Feeding maggots as a long term food is perfectly OK and if you go fishing they can be a almost free source of food for your spiders of all ages and sizes.


----------



## NikDan (Aug 31, 2013)

No offence to phil but id stick to mealworms, small crickets or nymph roaches. Your sling wont be able to eat a mealworm if you take the mealworm out and its dead look for a small hole or 2 it should have went black around the outside. This means your sling has killed it and sucked some of the juices out enough to last it. If you find the mealworms are 2 big try mini mealworms and if there putting up a fight cut off the heads this sounds gruesome but its always done the trick for me or try small crickets just make sure to take them out after a day incase he is indeed just pre moult and not wanting to eat at the moment.


----------



## PeterUK (Jun 21, 2008)

Eresin said:


> I don't really like that you are implying I'm not looking after my Ts.





Eresin said:


> I am disappointed to have come across this hostility and get the impression i'm being looked down upon. I came here for help, not for this.



Congratulations !!! : victory:

You are the first newbie of the year to start with the aggressive whinging when answers to your questions dont agree with what you want. :no1:

This happens on a fairly frequent basis so dont worry too much, hopefully you will grow up and realise that people dont always know what you want to hear and will tell you what they think or what they know through experience. 

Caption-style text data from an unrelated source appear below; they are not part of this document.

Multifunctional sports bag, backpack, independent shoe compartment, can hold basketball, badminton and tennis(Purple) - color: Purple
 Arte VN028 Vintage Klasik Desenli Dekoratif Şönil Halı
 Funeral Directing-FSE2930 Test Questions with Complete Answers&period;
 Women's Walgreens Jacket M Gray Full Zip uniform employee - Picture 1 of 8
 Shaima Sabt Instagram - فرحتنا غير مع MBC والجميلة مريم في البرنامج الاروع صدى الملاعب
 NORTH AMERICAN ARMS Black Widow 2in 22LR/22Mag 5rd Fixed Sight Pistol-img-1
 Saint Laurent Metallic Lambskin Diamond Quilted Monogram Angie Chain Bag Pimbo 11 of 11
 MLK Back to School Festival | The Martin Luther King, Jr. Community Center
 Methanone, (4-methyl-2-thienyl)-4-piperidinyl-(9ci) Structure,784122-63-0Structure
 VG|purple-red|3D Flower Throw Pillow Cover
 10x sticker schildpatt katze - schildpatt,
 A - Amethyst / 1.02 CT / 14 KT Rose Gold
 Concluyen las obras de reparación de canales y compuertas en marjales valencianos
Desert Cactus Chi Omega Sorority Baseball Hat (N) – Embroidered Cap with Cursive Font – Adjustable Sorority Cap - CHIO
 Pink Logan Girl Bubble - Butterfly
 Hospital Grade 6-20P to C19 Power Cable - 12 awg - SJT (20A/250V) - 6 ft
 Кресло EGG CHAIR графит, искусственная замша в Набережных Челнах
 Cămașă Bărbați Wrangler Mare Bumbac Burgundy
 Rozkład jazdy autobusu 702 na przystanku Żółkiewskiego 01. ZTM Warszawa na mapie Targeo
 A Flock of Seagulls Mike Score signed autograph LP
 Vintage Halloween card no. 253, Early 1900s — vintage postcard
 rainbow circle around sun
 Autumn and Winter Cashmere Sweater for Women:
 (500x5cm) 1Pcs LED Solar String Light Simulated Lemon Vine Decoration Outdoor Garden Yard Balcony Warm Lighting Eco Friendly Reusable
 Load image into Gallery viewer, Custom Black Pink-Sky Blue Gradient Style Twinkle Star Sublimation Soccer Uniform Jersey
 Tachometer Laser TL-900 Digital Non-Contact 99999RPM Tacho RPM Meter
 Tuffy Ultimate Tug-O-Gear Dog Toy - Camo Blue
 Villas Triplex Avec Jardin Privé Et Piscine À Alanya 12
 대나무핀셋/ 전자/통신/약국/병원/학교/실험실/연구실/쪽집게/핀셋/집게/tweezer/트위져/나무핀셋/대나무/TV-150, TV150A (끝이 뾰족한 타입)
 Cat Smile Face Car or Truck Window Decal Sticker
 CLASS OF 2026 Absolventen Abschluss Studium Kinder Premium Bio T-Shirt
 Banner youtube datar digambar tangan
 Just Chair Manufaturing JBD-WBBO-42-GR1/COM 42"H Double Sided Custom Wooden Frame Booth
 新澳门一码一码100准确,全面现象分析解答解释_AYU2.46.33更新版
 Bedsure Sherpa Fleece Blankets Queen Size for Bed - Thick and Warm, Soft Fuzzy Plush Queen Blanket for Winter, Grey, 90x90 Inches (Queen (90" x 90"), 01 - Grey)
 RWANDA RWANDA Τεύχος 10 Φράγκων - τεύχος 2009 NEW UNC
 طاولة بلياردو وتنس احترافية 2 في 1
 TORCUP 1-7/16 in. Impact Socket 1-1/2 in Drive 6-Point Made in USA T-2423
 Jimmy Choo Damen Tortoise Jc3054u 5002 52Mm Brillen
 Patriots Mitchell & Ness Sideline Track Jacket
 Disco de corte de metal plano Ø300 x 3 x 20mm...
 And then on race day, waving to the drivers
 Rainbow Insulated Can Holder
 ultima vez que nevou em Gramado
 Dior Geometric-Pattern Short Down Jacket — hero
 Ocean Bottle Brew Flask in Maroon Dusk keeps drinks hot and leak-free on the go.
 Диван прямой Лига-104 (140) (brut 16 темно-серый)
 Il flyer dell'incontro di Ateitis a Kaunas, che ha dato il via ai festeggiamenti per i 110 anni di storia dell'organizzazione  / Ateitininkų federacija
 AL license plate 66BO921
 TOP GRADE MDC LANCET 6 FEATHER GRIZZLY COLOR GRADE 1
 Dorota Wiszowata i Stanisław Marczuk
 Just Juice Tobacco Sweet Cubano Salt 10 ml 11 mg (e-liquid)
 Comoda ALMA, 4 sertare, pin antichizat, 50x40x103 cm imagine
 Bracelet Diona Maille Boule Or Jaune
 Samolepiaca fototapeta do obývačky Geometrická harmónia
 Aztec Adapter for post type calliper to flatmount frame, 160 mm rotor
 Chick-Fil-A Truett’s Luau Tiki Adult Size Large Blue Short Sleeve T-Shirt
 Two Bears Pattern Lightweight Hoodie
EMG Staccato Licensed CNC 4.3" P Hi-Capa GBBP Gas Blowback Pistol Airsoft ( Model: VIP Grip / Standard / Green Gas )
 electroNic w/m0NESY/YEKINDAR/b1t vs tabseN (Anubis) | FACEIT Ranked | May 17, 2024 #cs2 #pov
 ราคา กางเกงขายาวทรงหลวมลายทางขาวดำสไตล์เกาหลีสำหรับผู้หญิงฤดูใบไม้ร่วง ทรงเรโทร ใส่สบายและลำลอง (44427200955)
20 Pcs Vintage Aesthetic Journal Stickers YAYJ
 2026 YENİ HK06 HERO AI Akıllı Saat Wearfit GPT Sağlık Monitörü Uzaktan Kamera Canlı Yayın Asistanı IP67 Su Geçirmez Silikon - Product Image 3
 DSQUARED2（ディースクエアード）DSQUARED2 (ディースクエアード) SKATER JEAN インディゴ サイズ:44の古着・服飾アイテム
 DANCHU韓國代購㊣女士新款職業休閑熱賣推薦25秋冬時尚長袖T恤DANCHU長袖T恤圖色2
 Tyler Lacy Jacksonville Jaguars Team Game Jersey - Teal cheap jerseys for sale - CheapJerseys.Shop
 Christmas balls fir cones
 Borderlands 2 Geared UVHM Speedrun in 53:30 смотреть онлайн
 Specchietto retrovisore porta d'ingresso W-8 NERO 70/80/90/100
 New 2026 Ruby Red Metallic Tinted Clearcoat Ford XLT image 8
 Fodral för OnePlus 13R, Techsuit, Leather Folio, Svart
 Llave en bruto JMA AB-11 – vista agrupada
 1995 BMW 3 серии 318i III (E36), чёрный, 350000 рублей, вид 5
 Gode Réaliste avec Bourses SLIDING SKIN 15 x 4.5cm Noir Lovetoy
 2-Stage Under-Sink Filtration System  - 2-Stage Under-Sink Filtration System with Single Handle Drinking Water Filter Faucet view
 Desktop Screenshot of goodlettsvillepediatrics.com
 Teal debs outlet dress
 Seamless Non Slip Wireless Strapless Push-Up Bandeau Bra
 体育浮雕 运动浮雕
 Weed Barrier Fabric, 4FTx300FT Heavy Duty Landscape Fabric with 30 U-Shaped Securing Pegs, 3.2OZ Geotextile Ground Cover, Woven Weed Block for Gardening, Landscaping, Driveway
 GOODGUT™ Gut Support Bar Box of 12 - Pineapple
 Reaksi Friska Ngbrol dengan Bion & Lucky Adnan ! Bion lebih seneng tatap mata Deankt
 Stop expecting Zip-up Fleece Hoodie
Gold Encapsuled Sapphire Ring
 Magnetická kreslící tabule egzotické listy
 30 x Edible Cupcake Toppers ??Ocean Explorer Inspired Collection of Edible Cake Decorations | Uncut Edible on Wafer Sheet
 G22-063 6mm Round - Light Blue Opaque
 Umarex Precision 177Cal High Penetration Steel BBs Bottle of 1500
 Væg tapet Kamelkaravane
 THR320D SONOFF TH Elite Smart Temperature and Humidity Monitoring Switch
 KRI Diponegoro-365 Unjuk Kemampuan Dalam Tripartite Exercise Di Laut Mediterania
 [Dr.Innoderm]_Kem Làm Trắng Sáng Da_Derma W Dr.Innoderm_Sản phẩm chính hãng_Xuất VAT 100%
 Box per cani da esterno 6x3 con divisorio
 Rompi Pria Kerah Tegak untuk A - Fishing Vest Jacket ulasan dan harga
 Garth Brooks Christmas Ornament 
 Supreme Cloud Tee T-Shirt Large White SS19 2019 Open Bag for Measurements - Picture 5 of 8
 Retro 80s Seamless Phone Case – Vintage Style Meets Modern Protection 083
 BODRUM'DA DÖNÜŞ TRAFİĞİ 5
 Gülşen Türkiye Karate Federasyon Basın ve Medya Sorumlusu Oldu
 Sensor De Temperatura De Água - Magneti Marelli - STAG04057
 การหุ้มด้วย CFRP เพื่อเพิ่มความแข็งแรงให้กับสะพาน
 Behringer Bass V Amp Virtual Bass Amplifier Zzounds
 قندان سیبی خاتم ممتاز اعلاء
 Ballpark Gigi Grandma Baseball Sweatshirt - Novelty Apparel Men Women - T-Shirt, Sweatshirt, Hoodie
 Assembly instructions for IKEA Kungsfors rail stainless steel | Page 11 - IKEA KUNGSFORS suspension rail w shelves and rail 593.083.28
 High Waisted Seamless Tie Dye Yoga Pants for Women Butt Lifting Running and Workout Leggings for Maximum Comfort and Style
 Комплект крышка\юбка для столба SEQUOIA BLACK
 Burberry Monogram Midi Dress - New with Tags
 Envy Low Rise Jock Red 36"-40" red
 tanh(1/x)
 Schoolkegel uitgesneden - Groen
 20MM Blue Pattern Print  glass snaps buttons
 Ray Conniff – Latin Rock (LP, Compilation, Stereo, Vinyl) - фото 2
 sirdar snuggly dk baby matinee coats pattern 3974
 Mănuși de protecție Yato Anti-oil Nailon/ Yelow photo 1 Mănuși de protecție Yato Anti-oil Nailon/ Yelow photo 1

You might have noticed that David VB is from Belgium and so English probably isnt his first language, dont you think a little lee way should be given if this is true ?


----------



## dragon's den (Oct 6, 2010)

PeterUK said:


> Congratulations !!! : victory:
> 
> You are the first newbie of the year to start with the aggressive whinging when answers to your questions dont agree with what you want. :no1:
> 
> ...


----------



## Eresin (Nov 18, 2013)

Adam B Jones said:


> I always used to feed cricket legs years back when I only had a couple of slings - B. smithi and B. emelia, and they grew on fine - Also I was lucky because the pet shop I went to/worked at sold individual crickets which I used for my larger LP sling. There's lots of more readily available options for tiny prey items nowadays, so I tend to mix it up a bit especially as I have more spiders to justify buying boxes of various prey. I used to have my first slings in film cases, so the only way to tell if they had been eating was that the abdomens increased in size. But whatever you feed them, if you have them in a clear container and look very closely you can see from a side view if the spider is making contact with the food item, plus they hold a certain "hunched"stance when feeding which you come to recognize over time, that's noticeable even with the tiny ones. Also I'd say if you see it standing over the prey for long periods of time, I'd consider it unlikely that it _isn't_ eating them so it's probably all good


Thank you.


----------



## Eresin (Nov 18, 2013)

Adam has answered my question so no need to further this thread.


----------



## selina20 (May 28, 2008)

Cricket drumsticks hold near enough no nutritional value whatsoever. I would go with the maggot route or invest in smaller prey tbh


----------



## Mr Mister (Oct 12, 2011)

Eresin said:


> Hey all,
> 
> Back in mid-November I got a *1cm B. Smithi sling*. It hasn't molted yet, though I expect it must surely be due one soon?
> 
> ...


 

Same as the few I have.

What do they get? Size 2 cricket, usually alive. If they eat it they eat it, if they don't - tough.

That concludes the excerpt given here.